■ **PROBLEM REQUIREMENTS**: If a line in the records below contains the word "https", copy it.

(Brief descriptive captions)
====

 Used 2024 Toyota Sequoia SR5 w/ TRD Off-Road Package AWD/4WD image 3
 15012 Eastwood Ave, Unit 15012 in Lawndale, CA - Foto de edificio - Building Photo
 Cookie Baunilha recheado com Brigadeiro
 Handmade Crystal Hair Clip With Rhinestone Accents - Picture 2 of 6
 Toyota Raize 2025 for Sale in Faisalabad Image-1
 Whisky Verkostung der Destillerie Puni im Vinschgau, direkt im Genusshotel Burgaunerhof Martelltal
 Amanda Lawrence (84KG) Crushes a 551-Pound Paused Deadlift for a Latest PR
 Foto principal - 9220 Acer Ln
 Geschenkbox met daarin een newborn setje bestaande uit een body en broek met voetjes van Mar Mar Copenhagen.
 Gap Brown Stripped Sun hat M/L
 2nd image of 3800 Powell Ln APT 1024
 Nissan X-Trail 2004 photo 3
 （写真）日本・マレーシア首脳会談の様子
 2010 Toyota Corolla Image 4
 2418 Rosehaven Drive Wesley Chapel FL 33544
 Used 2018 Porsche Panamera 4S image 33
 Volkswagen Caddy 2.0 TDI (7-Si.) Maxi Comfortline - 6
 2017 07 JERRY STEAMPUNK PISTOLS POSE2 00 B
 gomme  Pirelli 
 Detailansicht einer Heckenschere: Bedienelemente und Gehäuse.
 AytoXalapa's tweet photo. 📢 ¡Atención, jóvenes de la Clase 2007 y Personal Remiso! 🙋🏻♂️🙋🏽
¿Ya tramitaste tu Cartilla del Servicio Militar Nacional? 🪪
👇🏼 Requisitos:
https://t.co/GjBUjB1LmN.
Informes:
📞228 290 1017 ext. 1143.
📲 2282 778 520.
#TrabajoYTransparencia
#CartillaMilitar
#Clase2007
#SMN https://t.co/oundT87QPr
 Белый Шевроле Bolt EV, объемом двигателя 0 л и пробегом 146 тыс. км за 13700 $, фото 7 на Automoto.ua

====

■ **WRITTEN SOLUTION**:
https://t.co/GjBUjB1LmN.
#SMN https://t.co/oundT87QPr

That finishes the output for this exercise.